# Backpropagation learning for multilayer perceptron

    @author      Donghun Lee
    @rev.date    2017/02/11

Python 2.7 port of Backprop.ipynb Julia code by Prof. Sebastian Seung

- Porting focused to maximize comparable readability of code and results with original Julia code
- Note: In this code, label 0 has index 0. (Python indexing starts from 0, Julia from 1)


In [None]:
import time

from IPython import display

import matplotlib.pyplot as plt
import matplotlib.gridspec as gridspec
import numpy as np
import sklearn
from sklearn.datasets import fetch_mldata
%matplotlib inline

In [None]:
mnist = fetch_mldata('MNIST original', data_home="data")
def trainfeatures(i):
    return np.float64(mnist.data[i, :])
def trainlabel(i):
    return mnist.target[i]

In [None]:
def f(x):                # logistic function activation (replace to define your own activation function)
    return np.divide(1, (1 + np.exp(-x)))
def df(y):               # derivative of f composed with inverse of f
    return np.multiply(y, 1-y)

m = 60000                # number of examples in training set

n0 = 784                 # widths of layers
n1 = 25
n2 = 10  

eta = 0.1                # learning rate parameter
epsinit = 0.01           # magnitude of initial conditions for synaptic weights

# two fully connected synaptic layers
W1 = epsinit*np.random.randn(n1,n0)
W2 = epsinit*np.random.randn(n2,n1)

# biases
b1 = epsinit*np.random.randn(n1)
b2 = epsinit*np.random.randn(n2)

tmax = 600000            # maximum number of learning updates
tshow = 1000             # how often to pause for visualization
errsq = np.zeros(tmax)
errcl = np.zeros(tmax)

In [None]:
plt.rcParams['image.cmap'] = 'gray'
fig_size = (16,16)                           # you may need to change the numbers to fit your screen
for t in xrange(tmax):
    i = int(np.ceil(m*np.random.rand()))     # choose randomly from the training set
    x0 = trainfeatures(int(i))/255.0         # (Python 2.x division)
    y = np.zeros(n2)
    y[int(trainlabel(i))] = 1                # use label to create desired output in one-hot representation
                                             # (Python array indexing is from 0)

    # forward pass   
    x1 = f(np.dot(W1,x0)+b1)
    x2 = f(np.dot(W2,x1)+b2)
    # error computation
    errsq[t] = sum(np.power((y-x2), 2))
    delta2 = np.multiply((y-x2),df(x2))
    errcl[t] = float(np.argmax(x2) != trainlabel(i))
    # backward pass
    delta1 = np.multiply(np.dot(W2.T, delta2), df(x1))
    # learning updates
    W2 += eta*np.outer(delta2, x1)
    W1 += eta*np.outer(delta1, x0)
    b2 += eta*delta2
    b1 += eta*delta1

    if t % tshow == 0:    # visualization every tshow steps
        avgerrsq = np.divide( np.cumsum(errsq[0:t]), np.arange(1,t+1) )
        avgerrcl = np.divide( np.cumsum(errcl[0:t]), np.arange(1,t+1) )
        
        fig = plt.figure(figsize=fig_size)
        gs = gridspec.GridSpec(6,5, wspace=0.4, hspace=0.4)

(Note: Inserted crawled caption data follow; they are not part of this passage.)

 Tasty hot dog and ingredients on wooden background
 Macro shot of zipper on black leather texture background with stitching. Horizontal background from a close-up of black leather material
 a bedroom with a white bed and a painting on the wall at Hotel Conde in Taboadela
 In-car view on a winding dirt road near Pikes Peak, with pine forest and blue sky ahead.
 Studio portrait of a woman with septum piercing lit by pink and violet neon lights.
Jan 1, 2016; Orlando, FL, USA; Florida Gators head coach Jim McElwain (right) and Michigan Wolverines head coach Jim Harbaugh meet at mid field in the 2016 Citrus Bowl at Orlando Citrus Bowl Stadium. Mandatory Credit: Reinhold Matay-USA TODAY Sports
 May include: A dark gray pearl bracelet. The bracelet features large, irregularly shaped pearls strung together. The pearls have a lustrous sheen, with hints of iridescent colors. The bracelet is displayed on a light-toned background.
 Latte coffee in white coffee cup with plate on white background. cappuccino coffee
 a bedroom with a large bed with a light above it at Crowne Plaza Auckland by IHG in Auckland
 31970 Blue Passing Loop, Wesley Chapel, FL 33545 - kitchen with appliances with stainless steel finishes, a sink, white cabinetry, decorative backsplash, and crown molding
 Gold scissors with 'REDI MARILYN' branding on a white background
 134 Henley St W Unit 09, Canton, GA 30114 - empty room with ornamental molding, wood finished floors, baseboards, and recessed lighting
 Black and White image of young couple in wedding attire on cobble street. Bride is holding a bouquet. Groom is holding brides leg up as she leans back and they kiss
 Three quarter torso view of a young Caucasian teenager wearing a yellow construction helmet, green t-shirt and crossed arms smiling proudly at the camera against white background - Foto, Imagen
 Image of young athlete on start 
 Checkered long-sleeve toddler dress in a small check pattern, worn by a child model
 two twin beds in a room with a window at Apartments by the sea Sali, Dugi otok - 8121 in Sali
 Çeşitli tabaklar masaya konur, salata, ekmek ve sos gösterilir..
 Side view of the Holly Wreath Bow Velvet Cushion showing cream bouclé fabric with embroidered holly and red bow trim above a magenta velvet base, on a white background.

        ax = fig.add_subplot(gs[0,0])
        ax.axis('off')
        ax.set_title("x0 at t={}".format(t))
        ax.imshow(x0.reshape(28,28), origin='upper', interpolation='nearest') 

        ax = fig.add_subplot(gs[0,1])
        ax.bar(range(len(x1)), x1)
        ax.set_ylabel("x1")
        ax.set_ylim([0,1])
        ax.grid()

        ax = fig.add_subplot(gs[0,2])
        ax.bar(range(len(x2)), x2)
        ax.set_ylabel("x2")
        ax.set_ylim([0,1])
        ax.set_xticks(range(0,10))
        ax.grid()

        ax = fig.add_subplot(gs[0,3:5])
        ax.plot(avgerrsq, label="squared")
        ax.plot(avgerrcl, label="class")
        ax.set_ylabel("error")
        ax.set_ylim([0,1])
        ax.grid()
        ax.legend()

        for i in range(n1):
            ax = fig.add_subplot(gs[1 + i / 5, i % 5])
            ax.axis('off')
            ax.imshow(W1.T.reshape(28,28,n1)[:,:,i], origin='upper', interpolation='nearest') 
        
        display.display(plt.gcf())
        time.sleep(0.01)
        display.clear_output(wait=True)
        plt.close(fig)